Emeka Anyaoku, former secretary-general of the Commonwealth, who spoke in Akure, Ondo State, during the state’s 40th Anniversary Symposium recently, expressed total support for the president on his stand not to devalue the naira.
Anyaoku, who was the chairman of the session, argued that devaluing the naira would worsen the economic situation and cause a severe drain on the nation’s foreign reserves.
He explained that with the country’s dependence on imported goods, which results in a monthly import bill that is four times the value of Nigeria’s main export, official devaluation of the naira would inevitably further hike the inflation numbers.

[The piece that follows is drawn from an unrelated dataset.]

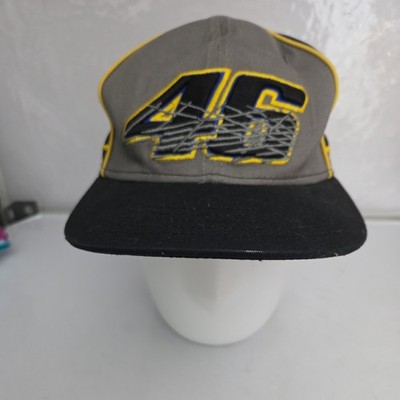 Valentino Rossi 46 Cap One Size Fits All Flat Peak Cap Offical Racing Product
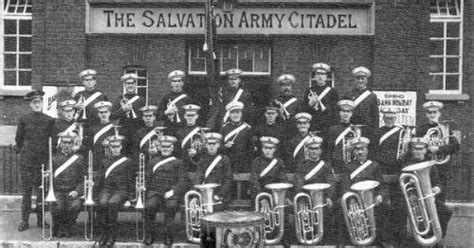 Old Deptford History Deptford Salvation Army Band 1927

The major challenge, Anyaoku said, was to devise policies for reducing the country’s import-dependence while, in the meantime, allowing the dollar to float in the unofficial currency market with adequate safeguards being put in place by government to check round-tripping in the management of the foreign exchange.
“As a matter of urgency, the president should convene a meeting of carefully chosen economic experts in the country to discuss the issue, as well as the wider issue of how to deal with the country’s current economic crisis,” he said.
“In my view, those calling for official devaluation of the naira need to come up with a good answer to Nigeria’s basic present problematic situation with its currency,” he added.
Femi Pedro, former deputy governor of Lagos State, while agreeing with President Buhari that the naira does not need to be devalued for the time being, said, “No amount of devaluation will bring up the price of oil. Devaluation will not eliminate parallel market players, nor will it necessarily increase the supply of dollars into the market.”
He added that in actual fact, devaluation would simply push the official rate (and by extension, the parallel rate) up, thereby compounding the currency crisis and further driving more players to the parallel market.
“Inflation will rise, impacting the cost of essential products and services within our economy,” he said.
“A further devaluation will devastate our economy because it will technically make our imports more expensive and our exports cheaper. This is somewhat unhelpful to us because we import practically everything and export very little except oil, whose price is determined internationally and whose supply is quota-based.
“Therefore, the gains of devaluation would be inapplicable to our situation, while the adverse effects – higher import prices, higher rate of inflation, more pressure on the demand for dollar, higher unemployment and general recession – would be catastrophic to us,” he added.
The way forward for the naira, he said, was for the Federal Government to fast-track its efforts towards implementing a sustainable fiscal policy regime tailored towards boosting the local industry, adding that curbing corruption, promoting import substitution and the exportation of indigenous products would go a long way in achieving this aim.
He also said a critical solution lay in “our ability to bring sanity to our foreign exchange system and have better controls over the demand and supply mechanism”, calling for the destruction of the parallel market “as a matter of national emergency”.
Recall that amid numerous calls from both local and international players for the devaluation of the naira following a precipitous fall in crude prices, President Buhari has maintained that he would not devalue the local currency. He reiterated this while contributing to a Presidential Panel Roundtable on Investment and Growth Opportunities at the opening session of the Africa 2016: Business for Africa, Egypt and the World at Sharm El-Sheikh, Egypt, recently.
According to the president, the way out of the current slump in the global oil market is not naira devaluation but a focus on agriculture and solid minerals development.